Monday, March 27, 2006

More side projects, and (small) Javascript grid rant.

I'm letting Compiled Page Templates settle for a little bit, I got some pretty quick feedback about some bugs, but, nothing for a little while, I'm sure there will be more. I'm hoping it gets a hammering by some people. I converted ZWiki to use it, but, the underlying framework is a little too obfuscated to really get a decent speed up out of it (I could only manage 10%).

Meanwhile I'm working on Javascript parser in python. I'm not sure where this will end up, but, I can see that it would be very useful to be able to run javascript inside python.

I've been trying to find a 'nice' looking template so I can actually build a 'proper' website. I've spent a few hours playing around building static pages, and I just can't be bothered. So I guess I'll being doing something in Zope for that too. Actually once I get that up and running, I think I might consolidate all of my various projects there. As always it's finding the time, and since we're being evicted, I don't think I'll make any headway on that until after we find a new place and move in.

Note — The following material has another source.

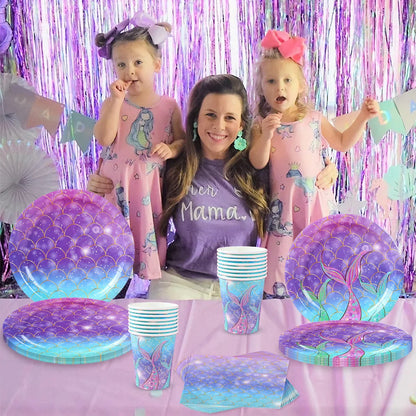 Mermaid Party Supplies Set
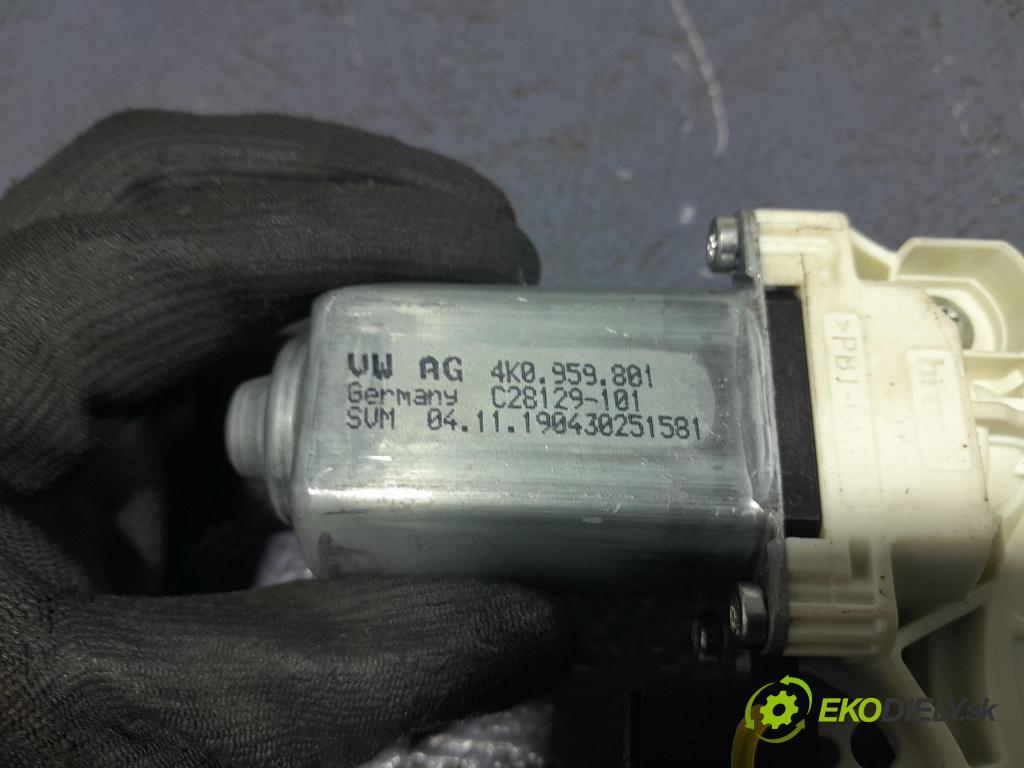 Porsche Cayenne 2019 mechanismus stahování Sklenka: před Levý: 760837461D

I played a little with jsolait and Zope the other day. The jsolait xmlrpc lib is like python's so it's nice to use (even though I'm not a Javascript guy really), but, it's going to help out on my current paying gig, so it was worth investigating. I'm not really a front-end guy at all, but, it's irritating that even the 'nice' javascript grid widgets suck. I guess that's a byproduct of living inside a webpage. I really want to be able to create a grid that grows and shrinks dynamically. All of the ones I've seen so far, can grow, but, never get any smaller. That's great if you want to browse a fixed dataset, but, rotten if, for example, you want to display an active queue of items.

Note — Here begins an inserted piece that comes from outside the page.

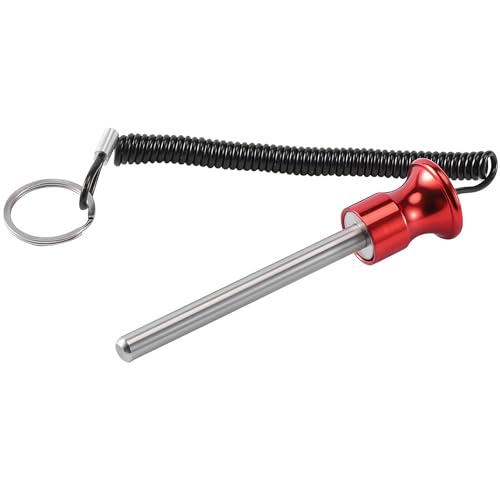 Gym Pin, Universal Aluminum Alloy Weight Stack Pin with Pull Rope for Fitness Equipment Pin Training - color: Red 10*125mm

On the grid thing, the LiveGrid people suggested we no longer needed paging, and we could just use scrolling to navigate through datasets. Well that's great if your dataset is really small, but, it's sucks if you want to get to something in the middle of the dataset. Something that will stay in the middle of the dataset regardless of how you sort it. I often find myself binary searching results from various searches trying to find the set I want (I'm not talking google searches here). I don't want to go back to linear search.